Неизведанной остается только сама Бельмак-могила, которая, как я уже говорил, была связующим звеном, соединявшим земной мир с небесным.

Глава третья: лирическая

По подсказке Бильмакского поселкового головы Павла Будника, привожу воспоминания о Бельмак-могиле уроженца Бильмакского района, генерал-лейтенанта, одного из создателей ракетного щита СССР Григория Кисунько:

«Рассказывал дед и о большом степном кургане за селом, который, правда, скрадывается за массивом Бельманского леса, высаженного помещиком Свягиным. Этот курган называют и Бельмак-Могилой, и Горелой Могилой, потому что, по преданию, в давние времена на нем был заживо сожжен турками храбрый запорожец по прозванию Бельмак. Это прозвание перешло и к кургану, и к текущей от него степной речушке Бельманке, и к раскинувшемуся вдоль нее нашему селу Бельманка. Мне довелось побывать у Острой Могилы, что недалеко от Бельмак-Могилы, когда дед взял меня на сенокос. Сам он косил мягкую душистую луговую траву, а я охапками таскал ее к своему маленькому стожку. Дед тоже сделает себе взрослый стожок, но к вечеру, когда трава немного подсохнет.

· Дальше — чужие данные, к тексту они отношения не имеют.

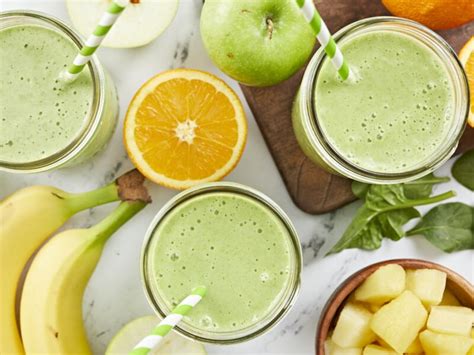 Revitalizing Green Smoothie Sip Your Greens Budget Bytes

Набегавшись, побрел я к своему стожку и там уснул. И приснился мне запорожец Бельмак, лицом точно как мой дед, но одетый как казак Мамай, нарисованный изнутри на крышке сундука у соседа — дяди Кузьмы. У запорожца была кривая, как дедова коса, сабля, и стоял он на самом верху Горелой Могилы, а в траве, прикинувшись будяками, к нему с разных сторон подползали вороги в красных чалмах и фесках, а то и скакали верхом на огромных, как лошади, кузнечиках. Я был тут же на кургане и подсказывал деду Бельмаку, с какой стороны ближе всех подползала вражья сила, а он взмахивал своей саблей-косой, и сверкала она над красноголовыми будяками, и шелестела падающая вместе с ними высокая трава. И так косил дед целый день, а к вечеру, когда трава подсохла, турки подожгли ее со всех сторон, и полымя начало подступать к деду Бельмаку и ко мне, и стало очень жарко, как бывает, когда приблизишь лицо к дверце грубы — лежанковой печки, в которой полыхает солома. От жары и от пламени, обжигающего лицо, а может быть и от припекавшего меня на стожке полуденного июльского солнца, я проснулся. А дед за это время и вправду — ого, сколько накосил травы!»